··· SUPPLIED MATERIAL ···
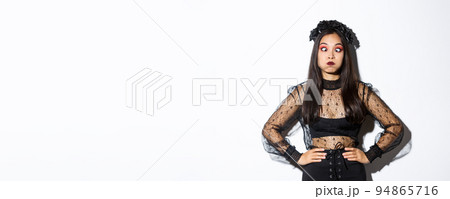 Portrait of funny and carefree asian girl having fun on halloween, making faces and holding breath, standing in gothic witch costume over white background 94865716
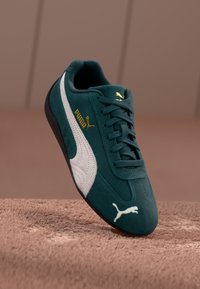 Teal sule sneakers valge ja kuldse aktsendiga, ümmargune varvas ja lame must kummitald. Logo on selgelt nähtav küljel.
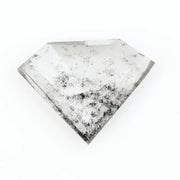 Shield cut lab grown diamond with clear body and natural-looking black inclusions in a salt and pepper pattern, faceted loose gemstone for custom jewelry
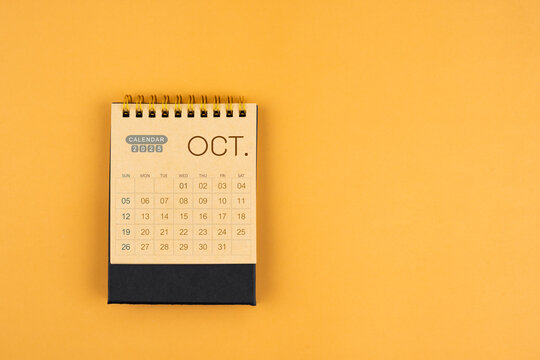 October 2025 calendar from brown craft paper on yellow color background.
···
- TO DO
Restate the whole listing word for word. Omit the pictures.

- PROBLEM SOLUTION
 Portrait of funny and carefree asian girl having fun on halloween, making faces and holding breath, standing in gothic witch costume over white background 94865716
 Teal sule sneakers valge ja kuldse aktsendiga, ümmargune varvas ja lame must kummitald. Logo on selgelt nähtav küljel.
 Shield cut lab grown diamond with clear body and natural-looking black inclusions in a salt and pepper pattern, faceted loose gemstone for custom jewelry
 October 2025 calendar from brown craft paper on yellow color background.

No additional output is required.